Hide’s website promises to serve “cocktails clarified,” and it’s not just a catchy (if vague) slogan. Nick Backlund, the owner of Hide, says the concept behind cocktails clarified is “reducing the cocktail down to its purest form and creating the clearest, cleanest and best cocktail humanly possible.”
He’s planning to do that with all kinds of fancy technology at his disposal. Backlund has been working with his director of beverage and principal bartender, Scott Jenkins, (who also holds a doctoral degree in art), for over a year to develop the techniques for making their signature cocktails using equipment like centrifuges.
“We can clarify fruit juices [with the centrifuge] so that you can essentially see straight through them, but they taste the same. We can do some really cool stuff with that … create these beautiful sparkling drinks,” says Backlund. “The roto-vaporizer allows us to extract the flavors and aromas out of anything when put under pressure. For example, I could throw some basil leaves in there and essentially take out all the compounds of the basil leaf and create a distillate out of it using some water. I can then spritz it over the top of the drink, and it will smell like perfectly fresh basil on your drink.”
If it sounds gratuitous, well, maybe it is — but Backlund says it’s not just for show.

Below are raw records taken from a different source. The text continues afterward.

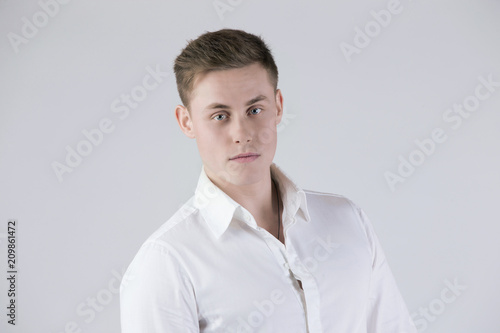 Beautiful blonde man in a white shirt on a white background © Светлана Лазаренко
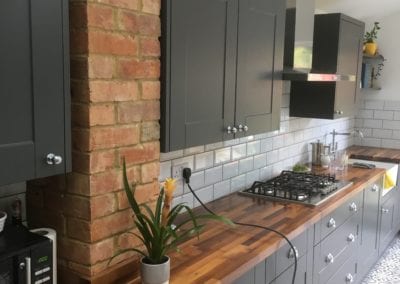 Dark grey kitchen with wood laminate worktop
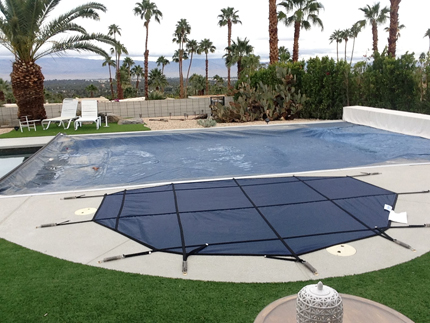 Spa cover next to automatic pool cover in Escondido. 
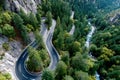 Winding mountain road next to a river Royalty Free Stock Photo
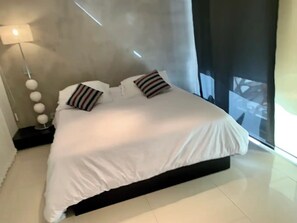 Relax in this serene bedroom with a large bed, floor-to-ceiling window, and stylish floor lamp.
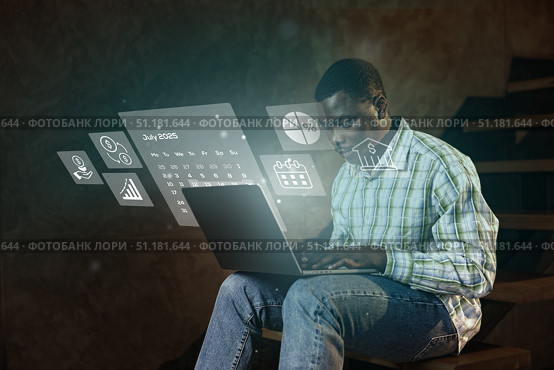 Young man using laptop while interacting with digital projections of charts and calendars in a cozy indoor setting. Стоковое фото, фотограф Сергей Толмачёв / Фотобанк Лори
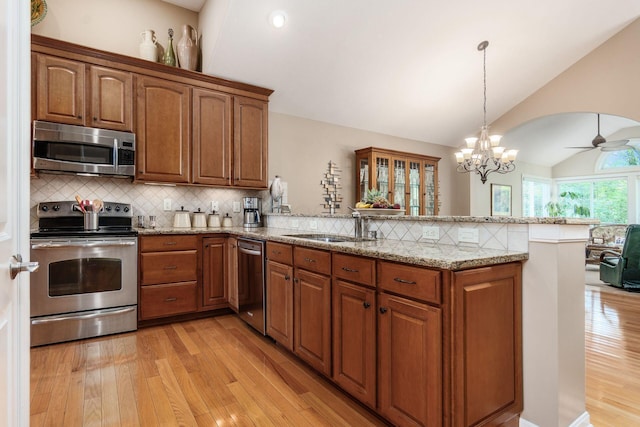 165 Tinley Park Cir, Delaware, OH 43015 - kitchen with stainless steel appliances, vaulted ceiling, a peninsula, brown cabinets, and light wood-type flooring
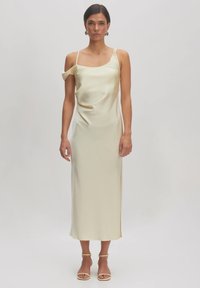 Satin-Midi-Kleid in zartem Creme mit quadratischem Ausschnitt und einem schmalen Trageriemen. Hat einen Seitenschlitz und ein minimalistisches Design.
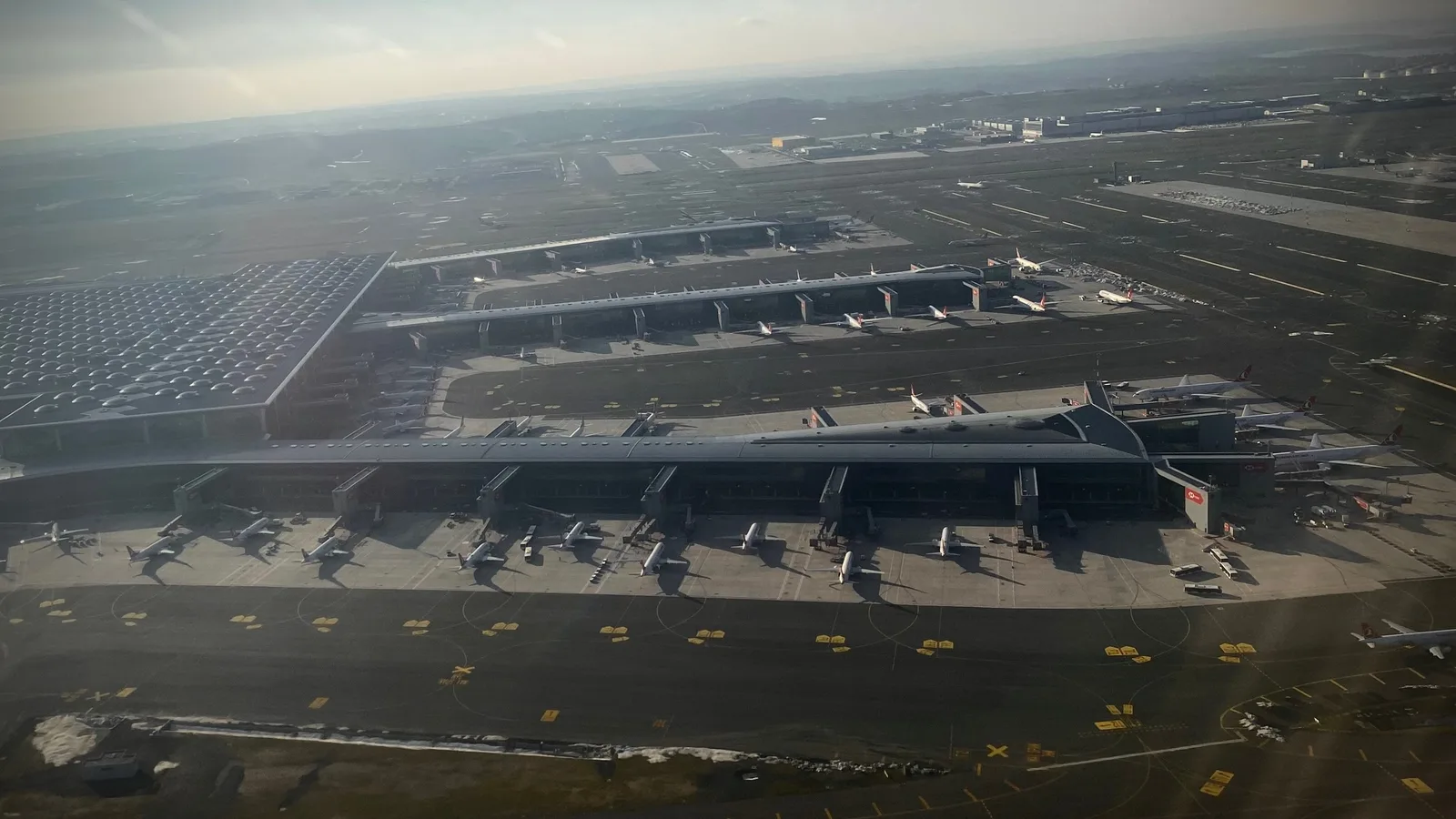 İstanbul Havalimanı'nın terminal binası ve kapılara yanaşmış çok sayıda yolcu uçağı, havadan görünüm.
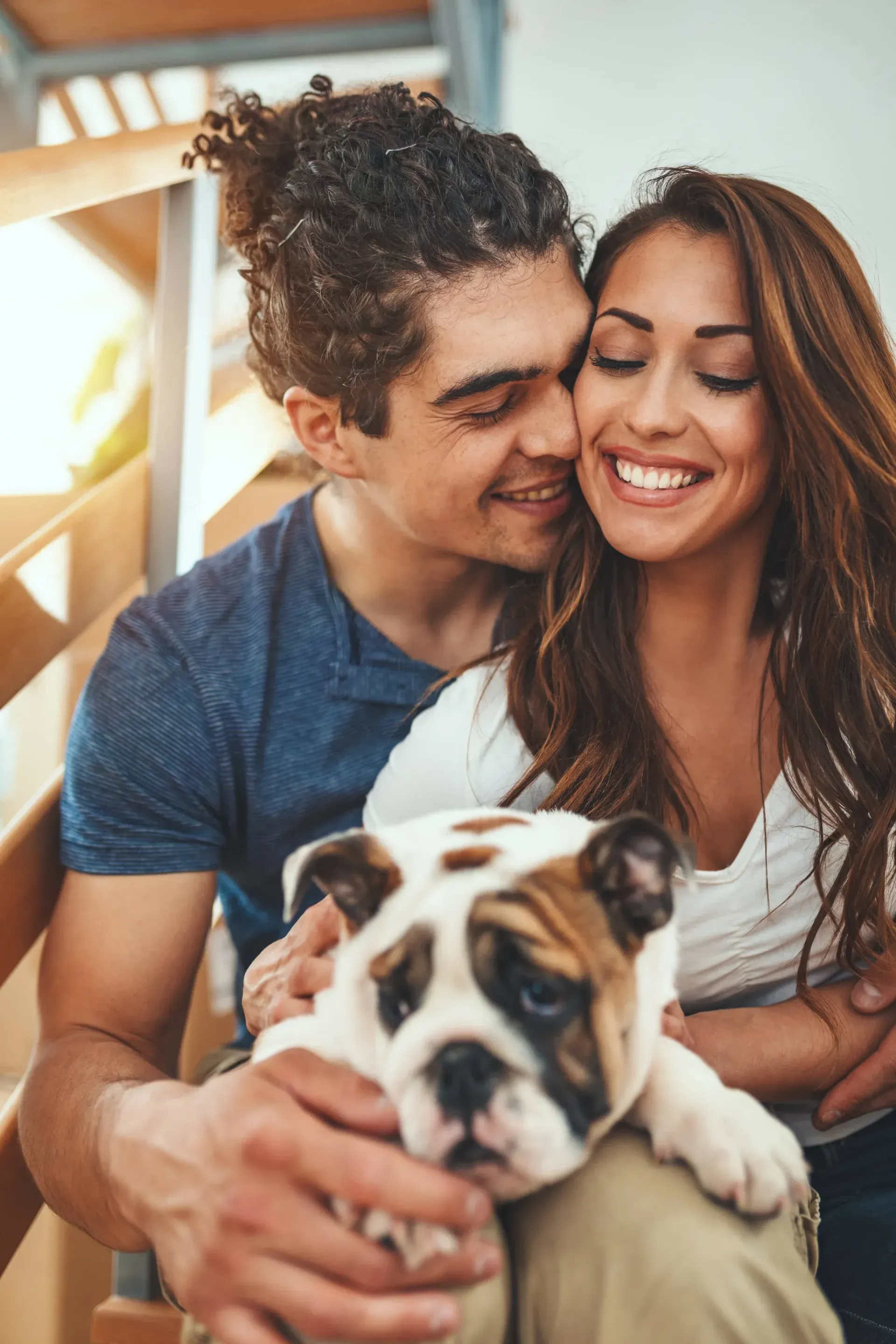 Smiling couple cuddling with a bulldog puppy on a balcony.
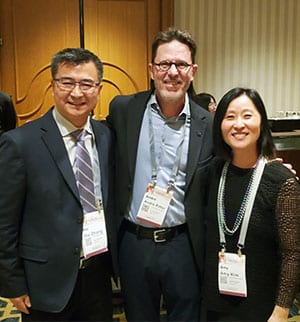 Dean Ritter congratulates Drs. Kim and Zhang on their graduation from the ADEA Leadership Institute.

“I made sure to put the equipment in the back of the house; I’m not going to have it out here in the middle of the bar," he says. It's not meant to be showy. It’s really about making something that tastes really, really good.”
Backlund hopes the technology will enable him to make a new level of libation.
“When you pick up a cocktail, it’s about what you see, smell, taste, and the fourth thing is mouth-feel," he says. "If I take fruit and spin it in a centrifuge, I get a nice creamy, silky mouth-feel on a vodka or rum that I just spun some fresh fruit into.”
Backlund even went so far as to have a laser engineer, who is also his friend’s father, create a type of laser that they can use to hand-cut blocks of ice into single large ice cubes for the cocktails.
“Our presentation is going to be beautiful, the cocktails are going to be beautiful. It's going to be a really great experience for everybody,” Backlund says
Having been in the restaurant industry for a number of years as hospitality manager of HG Sply Co. and assistant general manager of Smoke, Backlund is familiar with creating signature cocktails and dishes that turn a local spot into a perennial favorite.
Backlund is also tapped into the cocktail scene in Deep Ellum, citing Black Swan Saloon and Armoury D.E. as two of his favorite haunts. When he decided he was ready to open his own cocktail bar, Backlund figured Deep Ellum was a good spot for his vision and is hoping Hide becomes a new neighborhood favorite.
“I just love the vibe of Deep Ellum,” Backlund says. “Cocktails are an art, and we're fitting that art into that scene down there.”
Hide is slated to open in a new development by Westdale at the corner of Elm Street and Malcolm X Boulevard. Backlund says he’s excited about the location, which he hopes will have heavy foot traffic on weekends. Hide will have about 75 seats inside and hold about 30 on the patio that will overlook an interior courtyard. Backlund describes Hide’s vibe as modern industrial.
Hide won’t just focus on technologically created cocktails. Backlund is also working on developing a menu of shared plates, sandwiches and salads with a chef, and is focusing on “fresh” fare and less on typical bar food. He says the price point for plates will start at $7 to $15 and cocktails will be between $10 and $14.
Despite the emphasis Backlund has put on the process of making the cocktail with expensive technology, he’s more interested in the overall experience people will have at Hide.
“For me, when I go into a bar, I want it to be about the people and the experience you have, getting back to true hospitality,” Backlund says. “Some cocktail bars have gotten so showy, they've forgotten about the real reason we go out — because we want to interact with each other.”